▶ **Exercise instructions**:
Return every line from the records below in which the word "kreditorëve" is found.

▶ **Available data**:
Start of Block

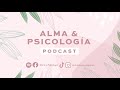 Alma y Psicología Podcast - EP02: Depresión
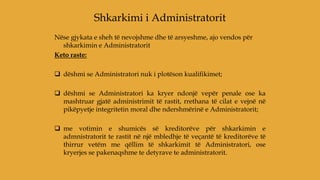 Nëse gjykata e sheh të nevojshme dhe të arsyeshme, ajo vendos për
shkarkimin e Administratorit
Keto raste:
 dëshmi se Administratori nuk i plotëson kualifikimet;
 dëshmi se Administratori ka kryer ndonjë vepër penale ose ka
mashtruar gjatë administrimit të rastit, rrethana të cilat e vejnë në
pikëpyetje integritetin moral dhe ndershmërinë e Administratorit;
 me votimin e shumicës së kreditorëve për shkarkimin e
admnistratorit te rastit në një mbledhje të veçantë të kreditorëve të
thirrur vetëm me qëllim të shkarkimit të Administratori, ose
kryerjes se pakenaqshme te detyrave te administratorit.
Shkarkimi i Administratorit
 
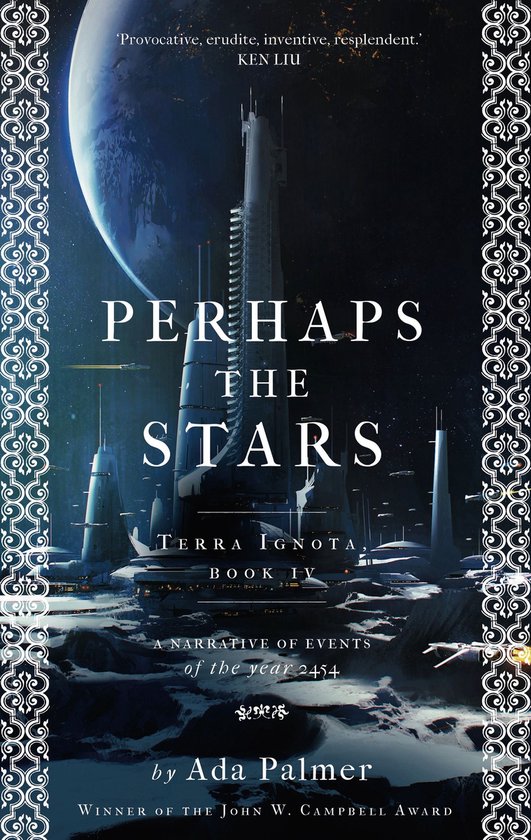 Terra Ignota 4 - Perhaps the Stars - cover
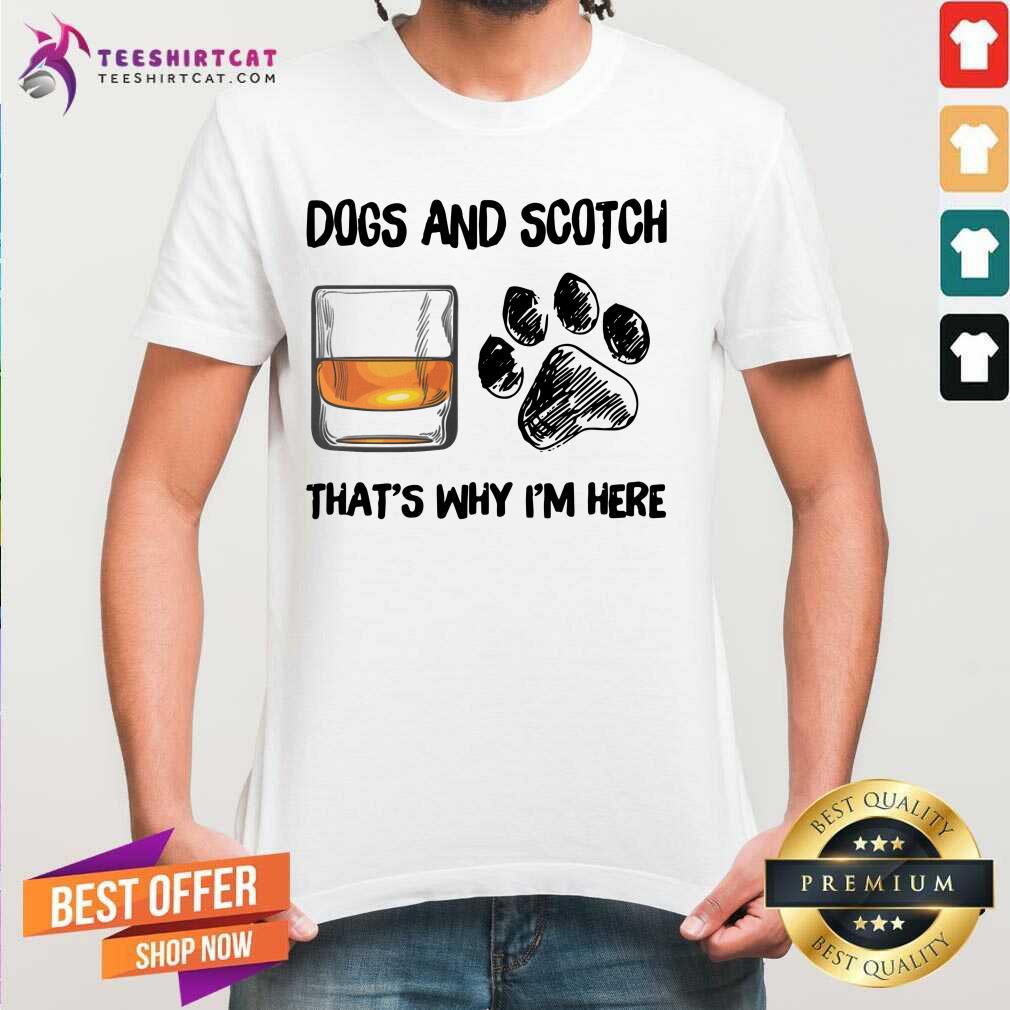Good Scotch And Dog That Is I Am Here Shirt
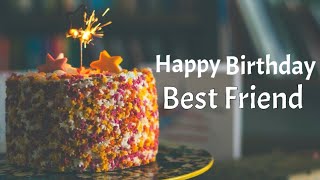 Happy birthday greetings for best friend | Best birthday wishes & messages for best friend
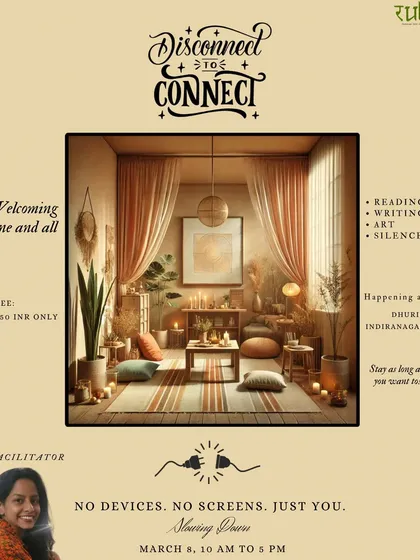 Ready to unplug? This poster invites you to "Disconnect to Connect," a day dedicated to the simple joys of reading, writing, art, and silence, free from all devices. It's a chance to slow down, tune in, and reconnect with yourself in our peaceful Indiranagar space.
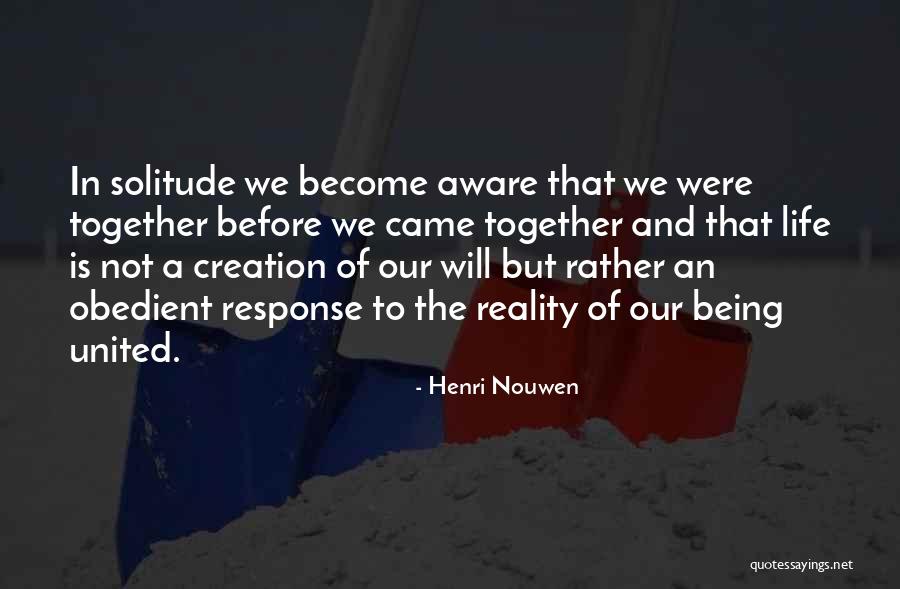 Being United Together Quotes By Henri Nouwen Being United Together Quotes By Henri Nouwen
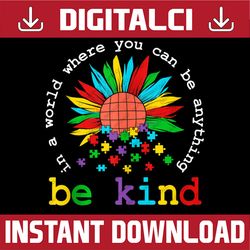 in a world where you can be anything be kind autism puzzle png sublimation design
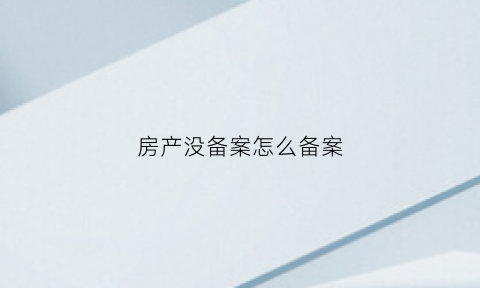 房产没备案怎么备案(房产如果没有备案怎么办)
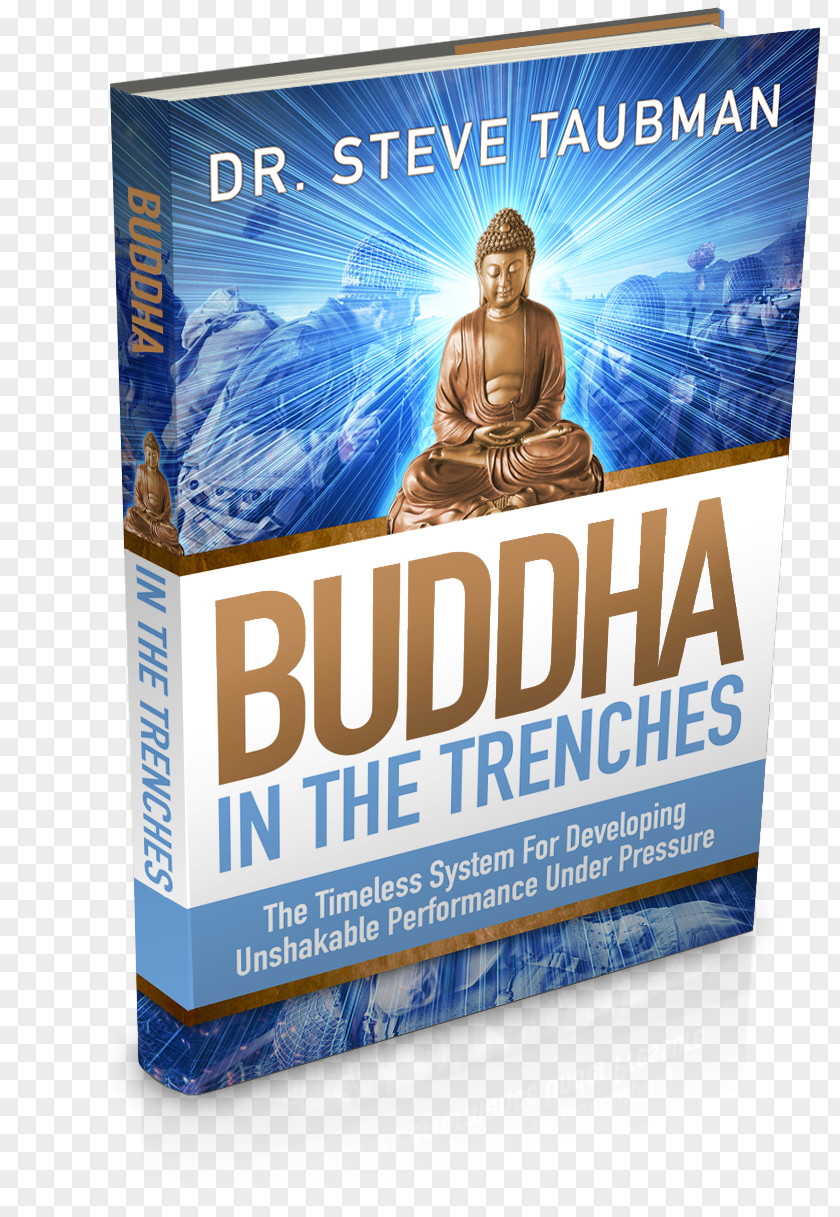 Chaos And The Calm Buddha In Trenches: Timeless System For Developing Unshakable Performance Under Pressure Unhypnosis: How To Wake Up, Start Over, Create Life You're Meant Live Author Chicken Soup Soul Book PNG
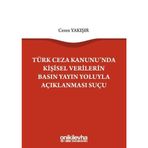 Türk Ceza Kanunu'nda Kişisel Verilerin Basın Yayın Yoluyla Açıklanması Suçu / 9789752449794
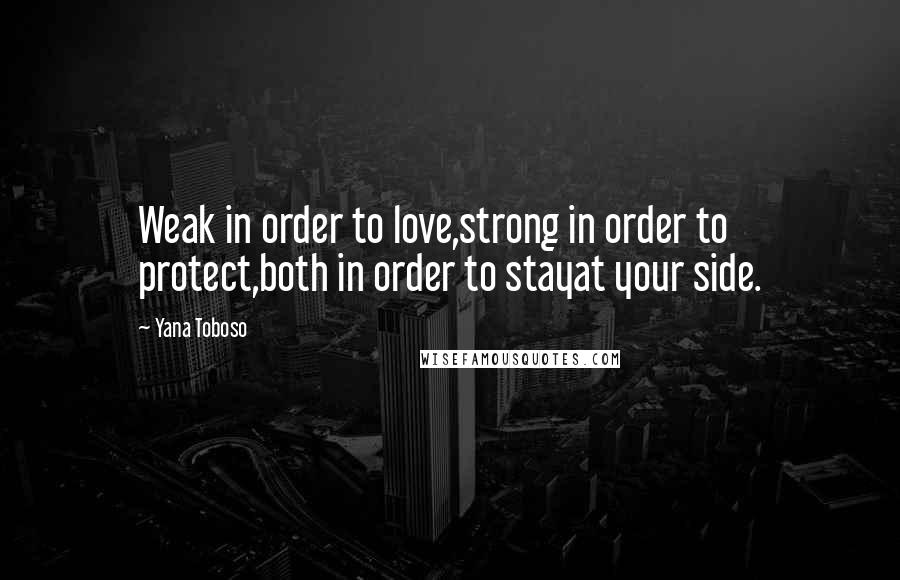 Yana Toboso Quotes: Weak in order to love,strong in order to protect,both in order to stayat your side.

End of Block

▶ **Written answer**:
 me votimin e shumicës së kreditorëve për shkarkimin e
admnistratorit te rastit në një mbledhje të veçantë të kreditorëve të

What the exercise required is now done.